### EXERCISE INSTRUCTIONS:
Among the entries below, find the line with "Jadi ini nih" and the line with "Large Globe Light Bulbs". Return exactly those lines and every line between them, but no pictures.

Image-text web data
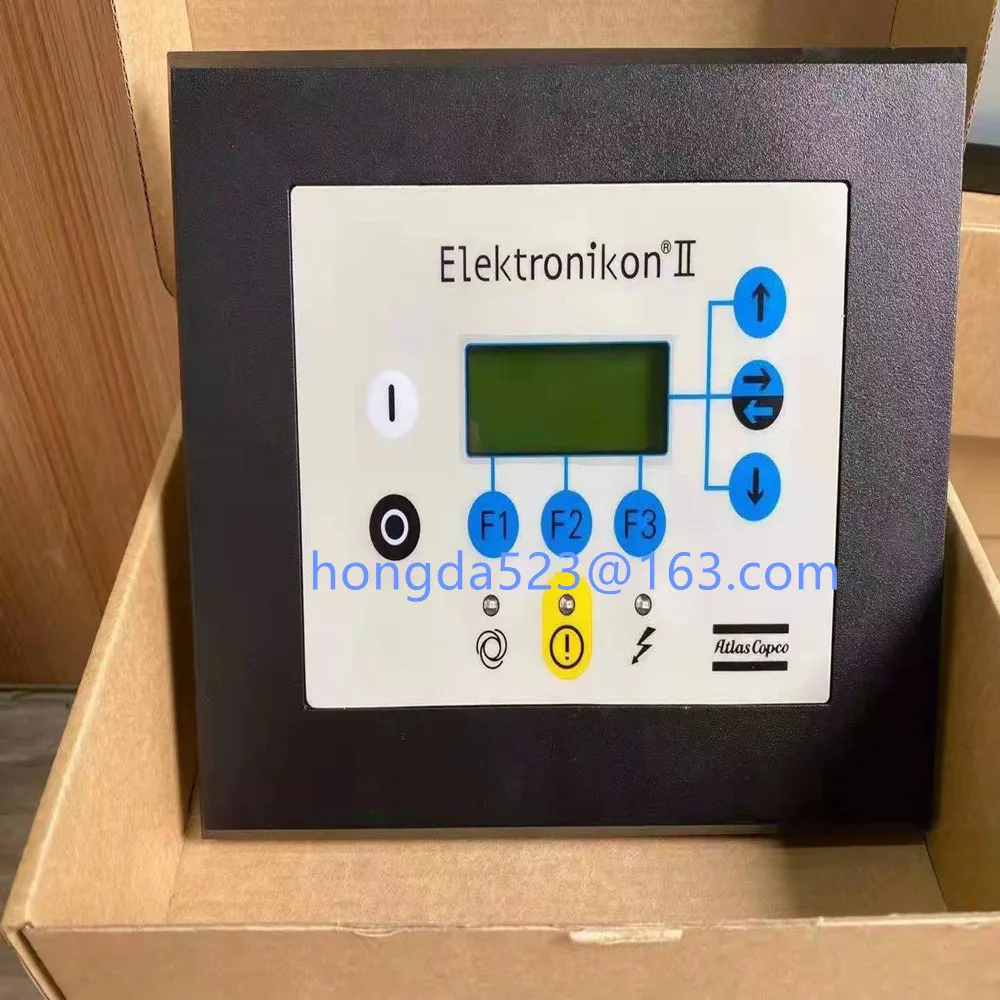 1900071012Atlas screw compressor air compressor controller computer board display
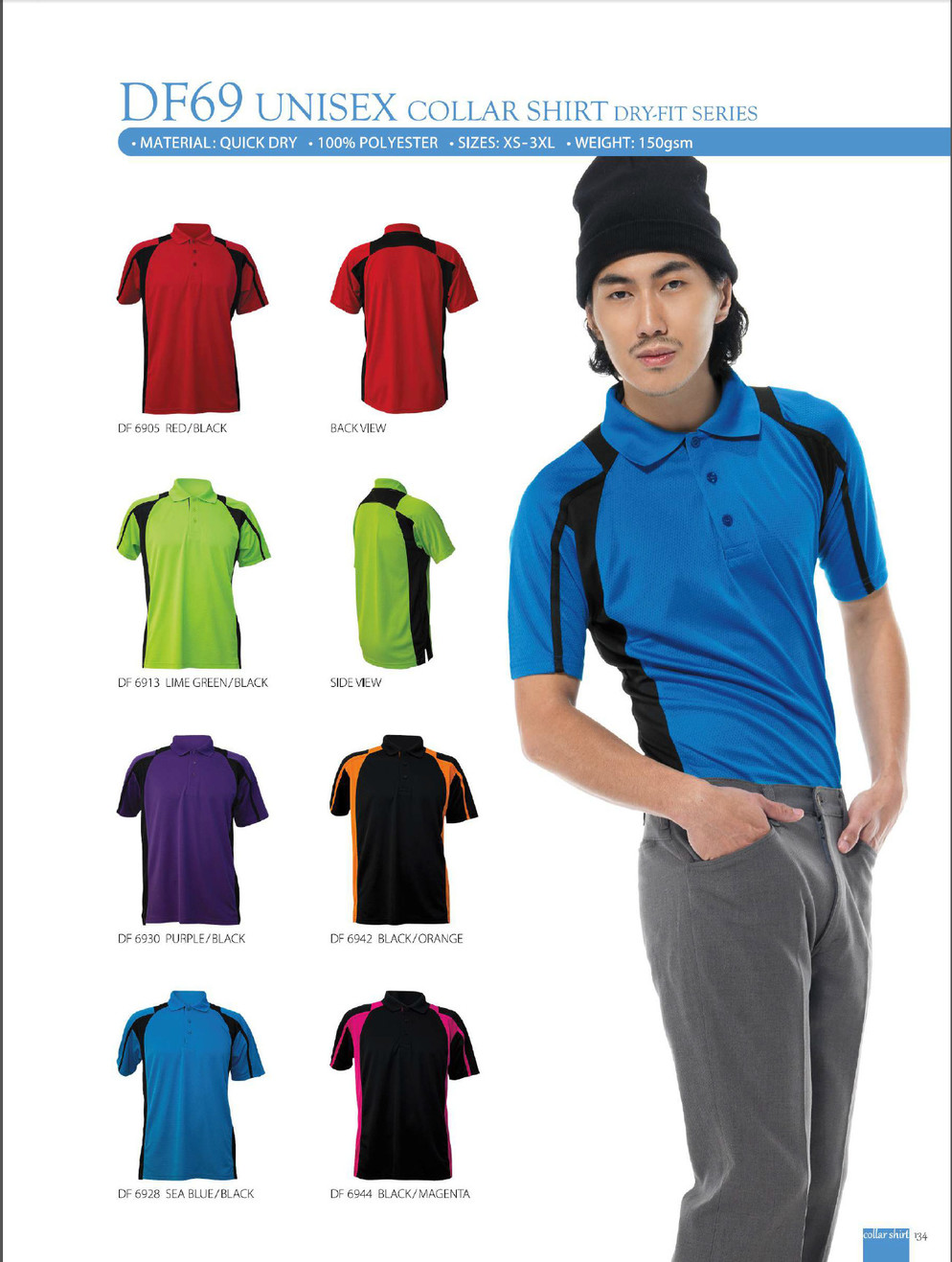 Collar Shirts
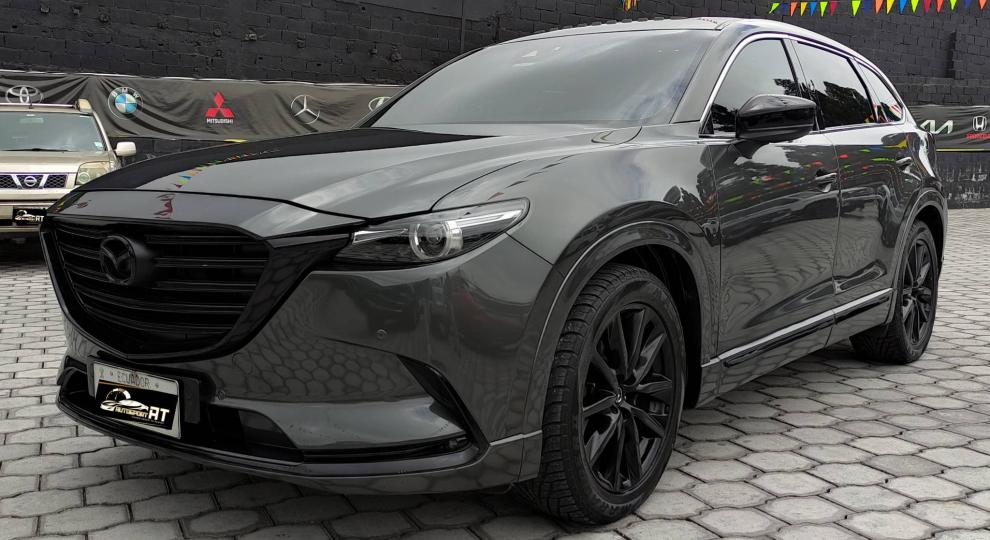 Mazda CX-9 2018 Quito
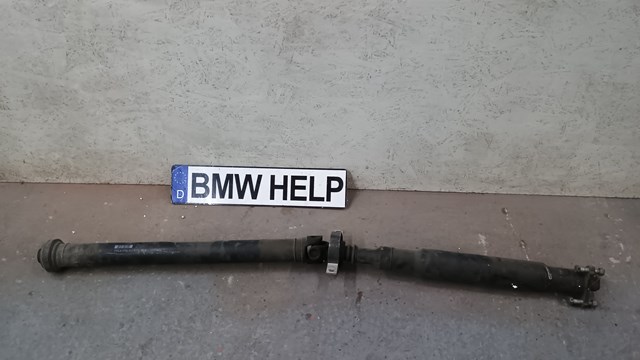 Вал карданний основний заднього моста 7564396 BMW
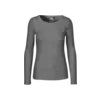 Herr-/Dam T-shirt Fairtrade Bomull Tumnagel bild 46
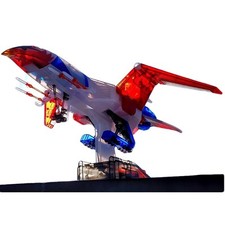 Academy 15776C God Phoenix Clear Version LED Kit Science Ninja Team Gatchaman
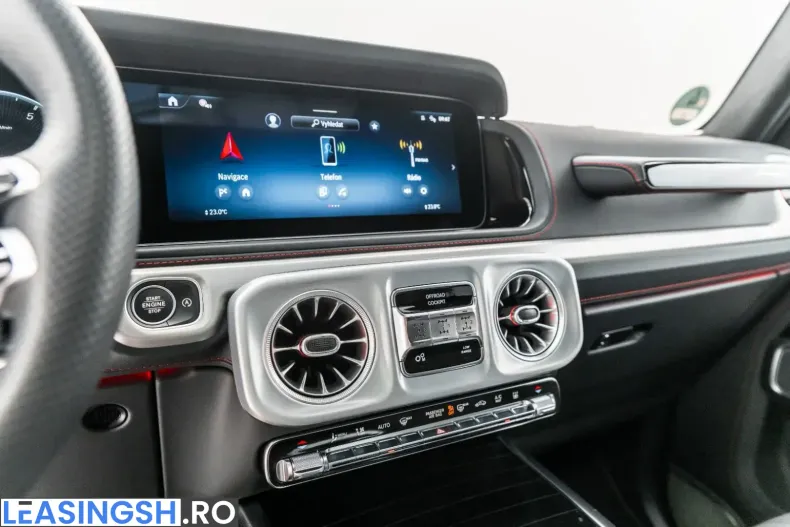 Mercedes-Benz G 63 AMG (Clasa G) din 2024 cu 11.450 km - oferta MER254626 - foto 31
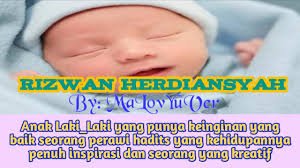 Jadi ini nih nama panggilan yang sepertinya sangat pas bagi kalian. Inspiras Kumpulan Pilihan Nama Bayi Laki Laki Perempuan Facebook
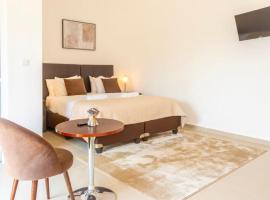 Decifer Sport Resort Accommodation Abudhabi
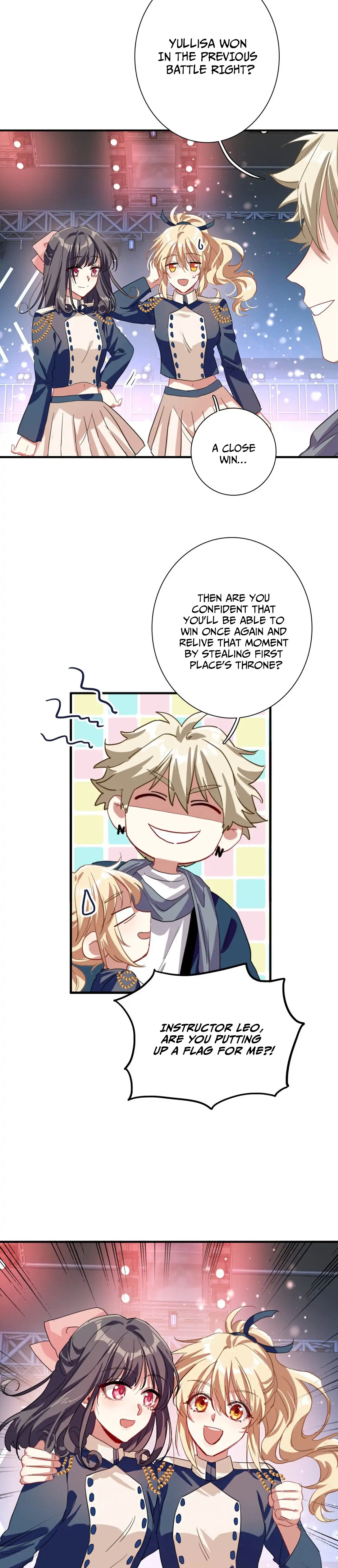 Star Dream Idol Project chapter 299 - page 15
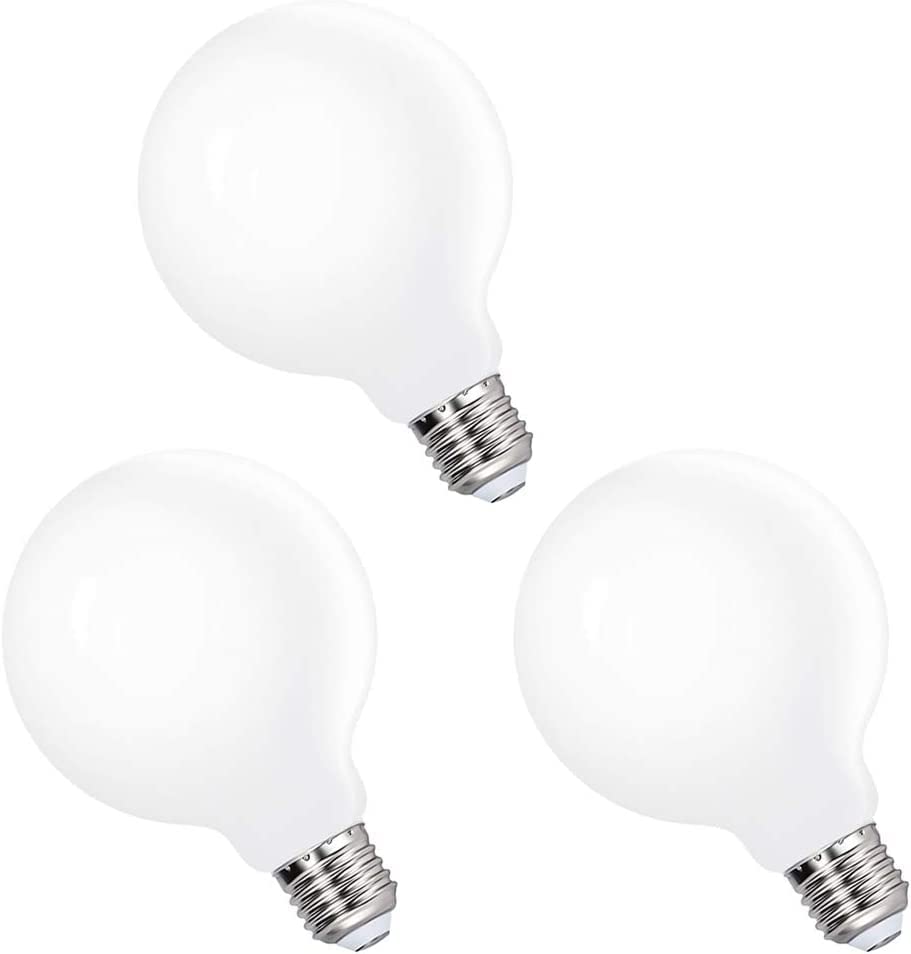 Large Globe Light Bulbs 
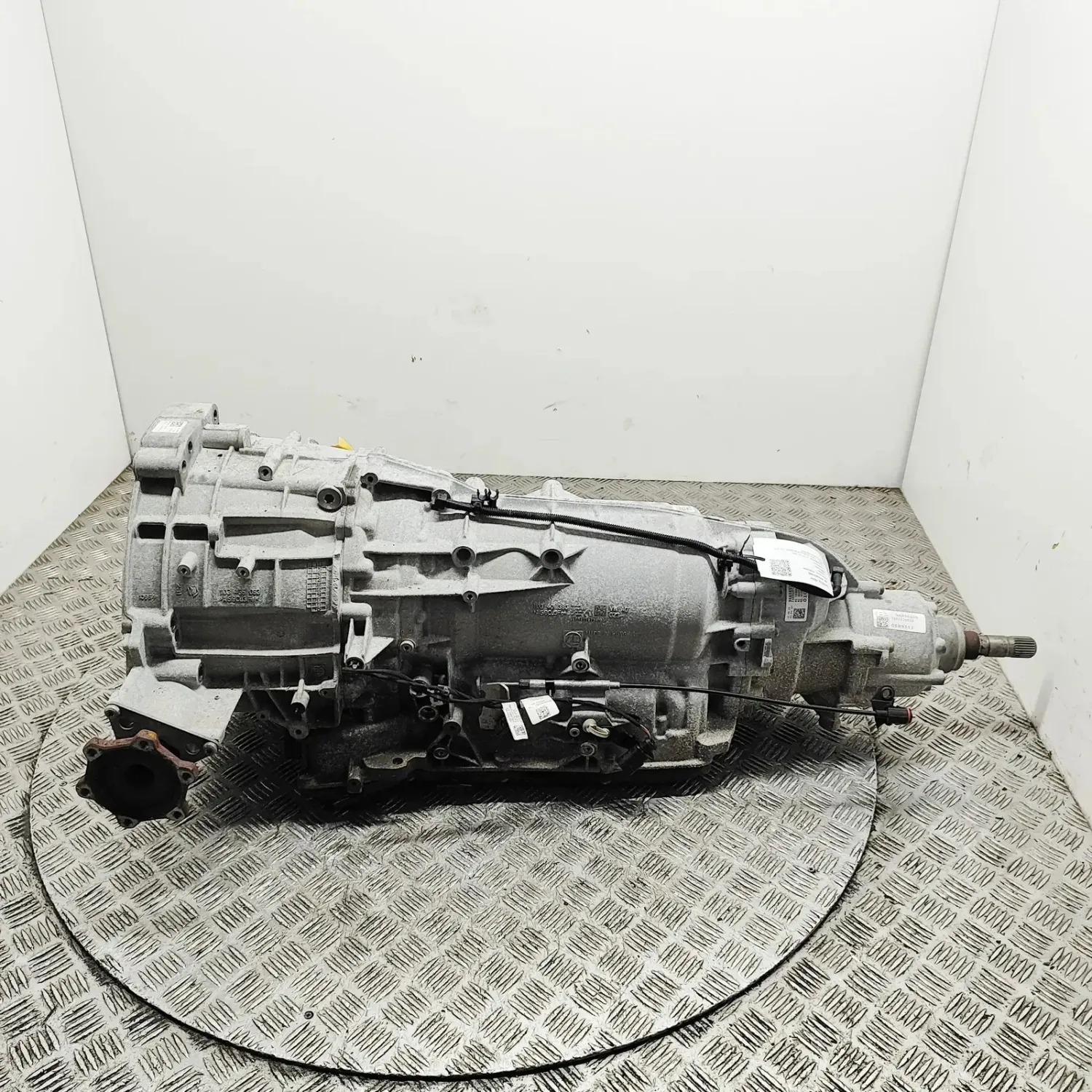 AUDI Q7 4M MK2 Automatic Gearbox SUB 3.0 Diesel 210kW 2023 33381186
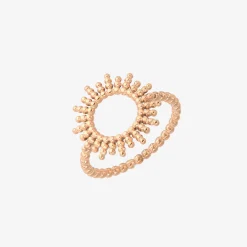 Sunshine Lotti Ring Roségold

### ANSWER BELOW:
 Jadi ini nih nama panggilan yang sepertinya sangat pas bagi kalian. Inspiras Kumpulan Pilihan Nama Bayi Laki Laki Perempuan Facebook
 Decifer Sport Resort Accommodation Abudhabi
 Star Dream Idol Project chapter 299 - page 15
 Large Globe Light Bulbs 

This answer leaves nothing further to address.